As the following page makes clear, this is not so difficult a conundrum. What researchers colloquially call the “IRB” is more properly understood as a human research protection program (HRPP) with two parts. First, the institutional review board itself, composed (in a university setting) mostly of faculty, and second, the IRB administrative staff that conducts the initial screening and sets up forms and procedures. The staff component imposes highly standardized rules, then feeds any procedures raising concerns to the IRB itself, which abandons standards.
It’s like going to the airport and making it through a list of security procedures—photo ID, boarding pass, shoes off, belt off, liquids in a clear bag, laptop out—only to board a plane whose destination will be chosen based on the pilots’ whim after they’ve taken off.
Few qualitative sociologists like the IRB process as it now exists
Babb et al. interviewed “26 sociologists at nine institutions of higher education in the Northeastern United States.” Though they included institutions whose sociology chairs offered “a range of reported IRB experiences—two more negative, three more positive, and three mixed,” only two of the 26 people they interviewed “believed that IRB review was both important and legitimate in its current form,” and one of those serves on an IRB. Of the remaining 24 respondents, six “felt that IRB regulation of sociological research was antithetical to professional norms and illegitimate” and 18 described “a conflicted sense of regret that a system designed to attend to an important issue was causing problems.”
Rejection isn’t the problem
IRB apologists occasionally point to a low rejection rate as a sign that the system works. This article reminds us that IRBs don’t need to reject a proposal formally to hinder research.
Michael, at State University remarked that “there’s a lot of work to do to get the IRB to decide they’re not all that interested in what you’re up to.” Completing an IRB protocol—an extended form describing a research project–can take a significant investment of time, even where the research is very low risk. However, the most common concerns about paperwork were related not to the burden of initial application, but rather to “serial reapplication”—that is to say, the submission of multiple versions of the same protocol before receiving approval. As one researcher put it, “they want a great deal of information on exactly what questions will be asked and procedures for maintaining confidentiality, and … they often then go back and ask for more information again” (George, Eastern University). Gabrielle, at State University, similarly recalled her experience:, “they’ll send back a thing ‘what about this, what about this, what about this’ and now, you know, they can’t possibly have a form that would imagine every possible situation… [I]t took a good 6 to 9 months of just trying to…come up with a protocol that would appease them.”

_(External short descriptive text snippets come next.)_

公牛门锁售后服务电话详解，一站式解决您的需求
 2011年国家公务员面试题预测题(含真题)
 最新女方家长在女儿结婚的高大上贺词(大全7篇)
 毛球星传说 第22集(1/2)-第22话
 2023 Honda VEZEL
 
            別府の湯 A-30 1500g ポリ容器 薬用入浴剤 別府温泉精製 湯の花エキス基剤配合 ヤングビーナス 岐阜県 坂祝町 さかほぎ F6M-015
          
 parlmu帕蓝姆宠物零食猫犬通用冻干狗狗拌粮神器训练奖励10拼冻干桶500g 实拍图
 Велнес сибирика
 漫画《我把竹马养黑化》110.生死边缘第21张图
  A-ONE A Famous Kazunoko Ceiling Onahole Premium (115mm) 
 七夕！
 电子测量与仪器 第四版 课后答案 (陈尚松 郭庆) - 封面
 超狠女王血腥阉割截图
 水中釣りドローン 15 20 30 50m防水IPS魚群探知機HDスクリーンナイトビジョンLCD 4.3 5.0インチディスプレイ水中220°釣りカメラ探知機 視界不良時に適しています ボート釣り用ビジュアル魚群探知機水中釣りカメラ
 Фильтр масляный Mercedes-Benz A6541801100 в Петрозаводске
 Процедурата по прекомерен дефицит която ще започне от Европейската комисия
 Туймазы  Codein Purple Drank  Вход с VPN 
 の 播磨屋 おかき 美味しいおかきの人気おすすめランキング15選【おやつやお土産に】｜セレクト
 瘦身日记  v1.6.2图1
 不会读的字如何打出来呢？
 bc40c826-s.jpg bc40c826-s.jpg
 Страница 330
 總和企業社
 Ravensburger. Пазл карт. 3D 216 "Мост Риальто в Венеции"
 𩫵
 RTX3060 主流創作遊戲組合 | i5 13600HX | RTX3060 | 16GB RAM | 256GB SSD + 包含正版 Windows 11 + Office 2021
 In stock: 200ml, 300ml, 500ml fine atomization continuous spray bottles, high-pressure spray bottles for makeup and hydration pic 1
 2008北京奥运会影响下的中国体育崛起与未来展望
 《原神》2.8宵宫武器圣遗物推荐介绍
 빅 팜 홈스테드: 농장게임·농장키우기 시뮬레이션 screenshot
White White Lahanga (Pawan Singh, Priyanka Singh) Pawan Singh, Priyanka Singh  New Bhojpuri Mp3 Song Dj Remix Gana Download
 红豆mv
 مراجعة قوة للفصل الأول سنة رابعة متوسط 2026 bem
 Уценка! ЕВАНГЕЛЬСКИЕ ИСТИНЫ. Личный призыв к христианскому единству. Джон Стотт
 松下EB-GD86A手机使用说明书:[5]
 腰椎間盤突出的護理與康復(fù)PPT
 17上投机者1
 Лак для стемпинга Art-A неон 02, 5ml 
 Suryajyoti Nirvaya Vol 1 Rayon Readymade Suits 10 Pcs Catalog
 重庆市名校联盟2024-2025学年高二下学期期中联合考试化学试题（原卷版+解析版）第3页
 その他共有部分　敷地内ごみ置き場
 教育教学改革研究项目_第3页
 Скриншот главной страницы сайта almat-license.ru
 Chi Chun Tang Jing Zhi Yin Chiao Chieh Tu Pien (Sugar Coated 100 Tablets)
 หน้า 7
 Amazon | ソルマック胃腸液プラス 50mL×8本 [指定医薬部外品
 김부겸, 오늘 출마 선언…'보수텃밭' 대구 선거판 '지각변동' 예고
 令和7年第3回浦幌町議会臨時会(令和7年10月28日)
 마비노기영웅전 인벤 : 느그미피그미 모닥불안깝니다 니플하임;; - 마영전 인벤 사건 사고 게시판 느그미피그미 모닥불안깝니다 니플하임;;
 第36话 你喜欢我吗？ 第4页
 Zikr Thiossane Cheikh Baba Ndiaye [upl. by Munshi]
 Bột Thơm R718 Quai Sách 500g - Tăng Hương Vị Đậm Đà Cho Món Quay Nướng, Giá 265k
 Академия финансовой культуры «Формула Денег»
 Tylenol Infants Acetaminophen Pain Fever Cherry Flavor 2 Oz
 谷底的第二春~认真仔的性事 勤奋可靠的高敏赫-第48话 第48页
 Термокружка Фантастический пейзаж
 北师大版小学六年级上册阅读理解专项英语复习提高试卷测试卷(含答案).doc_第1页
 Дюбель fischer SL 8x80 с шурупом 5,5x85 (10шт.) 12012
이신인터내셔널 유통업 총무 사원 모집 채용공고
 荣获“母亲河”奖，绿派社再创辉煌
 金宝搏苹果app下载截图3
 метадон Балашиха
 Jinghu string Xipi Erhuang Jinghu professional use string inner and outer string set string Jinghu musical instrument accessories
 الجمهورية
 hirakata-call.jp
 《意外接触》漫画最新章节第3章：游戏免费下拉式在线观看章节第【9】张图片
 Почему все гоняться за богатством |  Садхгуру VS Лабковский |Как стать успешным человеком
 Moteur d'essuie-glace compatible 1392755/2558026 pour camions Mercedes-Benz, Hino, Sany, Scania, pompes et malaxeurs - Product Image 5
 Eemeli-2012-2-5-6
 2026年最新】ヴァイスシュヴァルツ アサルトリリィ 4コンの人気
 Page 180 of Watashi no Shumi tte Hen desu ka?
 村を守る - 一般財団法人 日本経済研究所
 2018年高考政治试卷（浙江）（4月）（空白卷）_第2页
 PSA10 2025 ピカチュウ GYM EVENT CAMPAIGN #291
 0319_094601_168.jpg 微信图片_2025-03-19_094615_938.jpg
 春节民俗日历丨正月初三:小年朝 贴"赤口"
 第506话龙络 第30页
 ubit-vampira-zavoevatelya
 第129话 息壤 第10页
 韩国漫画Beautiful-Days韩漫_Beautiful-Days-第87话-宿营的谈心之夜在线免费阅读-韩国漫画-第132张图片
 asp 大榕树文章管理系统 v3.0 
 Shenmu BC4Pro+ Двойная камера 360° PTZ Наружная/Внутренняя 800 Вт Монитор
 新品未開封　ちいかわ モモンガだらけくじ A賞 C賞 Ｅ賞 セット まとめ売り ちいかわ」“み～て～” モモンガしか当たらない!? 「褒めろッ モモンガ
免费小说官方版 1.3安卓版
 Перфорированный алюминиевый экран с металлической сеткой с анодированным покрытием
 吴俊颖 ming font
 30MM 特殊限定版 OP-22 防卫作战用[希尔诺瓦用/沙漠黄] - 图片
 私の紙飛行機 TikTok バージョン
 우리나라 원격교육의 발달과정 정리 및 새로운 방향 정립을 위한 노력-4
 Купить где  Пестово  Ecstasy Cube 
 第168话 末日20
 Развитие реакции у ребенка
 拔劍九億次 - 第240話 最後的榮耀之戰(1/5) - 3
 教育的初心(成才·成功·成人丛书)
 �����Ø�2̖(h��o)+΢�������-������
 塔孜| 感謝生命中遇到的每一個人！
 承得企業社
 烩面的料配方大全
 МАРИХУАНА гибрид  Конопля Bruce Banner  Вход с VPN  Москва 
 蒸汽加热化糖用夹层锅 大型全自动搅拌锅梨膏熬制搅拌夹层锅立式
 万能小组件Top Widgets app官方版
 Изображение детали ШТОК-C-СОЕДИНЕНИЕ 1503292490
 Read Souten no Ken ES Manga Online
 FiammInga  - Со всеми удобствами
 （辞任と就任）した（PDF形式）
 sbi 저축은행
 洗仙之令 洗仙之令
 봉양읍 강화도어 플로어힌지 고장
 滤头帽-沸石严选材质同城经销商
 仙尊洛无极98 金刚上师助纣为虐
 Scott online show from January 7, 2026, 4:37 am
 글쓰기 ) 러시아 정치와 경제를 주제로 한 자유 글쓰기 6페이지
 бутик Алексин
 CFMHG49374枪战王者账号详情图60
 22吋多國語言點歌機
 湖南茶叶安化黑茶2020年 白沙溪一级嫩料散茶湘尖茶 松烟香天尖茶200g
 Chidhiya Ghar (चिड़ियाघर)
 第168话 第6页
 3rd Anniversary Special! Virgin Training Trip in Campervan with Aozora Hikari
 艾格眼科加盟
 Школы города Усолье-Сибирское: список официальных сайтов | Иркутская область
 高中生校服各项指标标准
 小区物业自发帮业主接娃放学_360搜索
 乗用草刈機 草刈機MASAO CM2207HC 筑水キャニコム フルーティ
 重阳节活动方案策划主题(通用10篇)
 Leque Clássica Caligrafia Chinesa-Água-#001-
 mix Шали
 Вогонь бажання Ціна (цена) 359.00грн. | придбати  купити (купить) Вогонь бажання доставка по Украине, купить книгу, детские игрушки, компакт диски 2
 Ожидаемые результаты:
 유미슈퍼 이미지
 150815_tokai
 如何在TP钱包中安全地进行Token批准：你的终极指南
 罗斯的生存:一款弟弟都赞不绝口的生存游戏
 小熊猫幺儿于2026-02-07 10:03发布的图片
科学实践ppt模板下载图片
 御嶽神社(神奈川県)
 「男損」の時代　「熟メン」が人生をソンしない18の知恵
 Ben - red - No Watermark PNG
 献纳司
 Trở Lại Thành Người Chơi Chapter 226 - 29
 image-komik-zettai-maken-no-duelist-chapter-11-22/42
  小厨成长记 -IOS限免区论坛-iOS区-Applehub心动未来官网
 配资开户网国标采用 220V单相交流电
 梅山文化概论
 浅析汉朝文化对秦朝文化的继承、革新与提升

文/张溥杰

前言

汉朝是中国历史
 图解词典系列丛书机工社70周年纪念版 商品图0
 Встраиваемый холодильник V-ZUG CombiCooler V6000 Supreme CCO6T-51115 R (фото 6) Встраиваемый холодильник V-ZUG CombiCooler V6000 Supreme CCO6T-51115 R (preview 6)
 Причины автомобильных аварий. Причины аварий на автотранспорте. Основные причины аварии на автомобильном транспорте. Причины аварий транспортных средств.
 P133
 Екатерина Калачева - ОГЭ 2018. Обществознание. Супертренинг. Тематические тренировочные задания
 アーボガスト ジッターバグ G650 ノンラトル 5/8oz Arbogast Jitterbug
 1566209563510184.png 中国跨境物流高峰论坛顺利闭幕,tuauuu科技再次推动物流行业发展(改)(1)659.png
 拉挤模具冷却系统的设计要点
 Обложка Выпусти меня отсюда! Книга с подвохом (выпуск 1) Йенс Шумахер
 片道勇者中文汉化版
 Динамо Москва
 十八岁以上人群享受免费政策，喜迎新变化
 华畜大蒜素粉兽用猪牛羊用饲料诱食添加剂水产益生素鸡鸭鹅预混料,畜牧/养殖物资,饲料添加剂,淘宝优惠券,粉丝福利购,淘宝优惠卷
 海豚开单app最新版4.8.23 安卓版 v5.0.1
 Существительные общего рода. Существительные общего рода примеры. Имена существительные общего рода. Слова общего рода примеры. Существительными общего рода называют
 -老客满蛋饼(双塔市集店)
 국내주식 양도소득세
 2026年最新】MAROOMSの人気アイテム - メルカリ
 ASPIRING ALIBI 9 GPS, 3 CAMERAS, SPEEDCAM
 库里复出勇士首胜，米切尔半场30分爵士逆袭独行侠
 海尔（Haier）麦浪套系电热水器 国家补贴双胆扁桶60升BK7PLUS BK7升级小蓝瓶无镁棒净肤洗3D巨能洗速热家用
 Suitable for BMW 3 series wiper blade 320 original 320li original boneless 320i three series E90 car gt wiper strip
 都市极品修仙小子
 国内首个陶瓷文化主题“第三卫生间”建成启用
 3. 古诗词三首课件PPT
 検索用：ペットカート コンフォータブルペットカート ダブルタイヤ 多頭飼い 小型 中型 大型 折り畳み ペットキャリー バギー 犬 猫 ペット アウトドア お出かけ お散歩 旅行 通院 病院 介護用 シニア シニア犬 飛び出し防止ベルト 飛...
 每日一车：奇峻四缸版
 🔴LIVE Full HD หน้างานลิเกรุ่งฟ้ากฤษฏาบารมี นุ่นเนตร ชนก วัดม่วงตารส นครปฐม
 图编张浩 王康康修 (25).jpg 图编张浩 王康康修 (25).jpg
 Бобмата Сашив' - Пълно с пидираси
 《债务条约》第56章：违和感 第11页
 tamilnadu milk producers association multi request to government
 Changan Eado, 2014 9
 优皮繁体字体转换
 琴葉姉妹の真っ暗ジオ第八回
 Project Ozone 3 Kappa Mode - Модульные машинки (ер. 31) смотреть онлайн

Several researchers reported that they had decided not to do specific projects in order to avoid the hassle of getting through IRB. One claimed that she had “sworn off of doing any human subjects research anymore… I’ve found the process so crazy-making that … I just don’t want to deal with it anymore” (Gabrielle, State University).
IRBs lack expertise
- They know less than researchers:
Penelope, at Public University, recalled the months it took to process a student proposal to study a social movement in a conflicted region in Turkey—a situation about which IRB decision-makers had neither knowledge nor appropriate precedents. As she concluded: “it’s a group of people trying to think through the repercussions of something that they probably have less familiarity with than the researcher does.”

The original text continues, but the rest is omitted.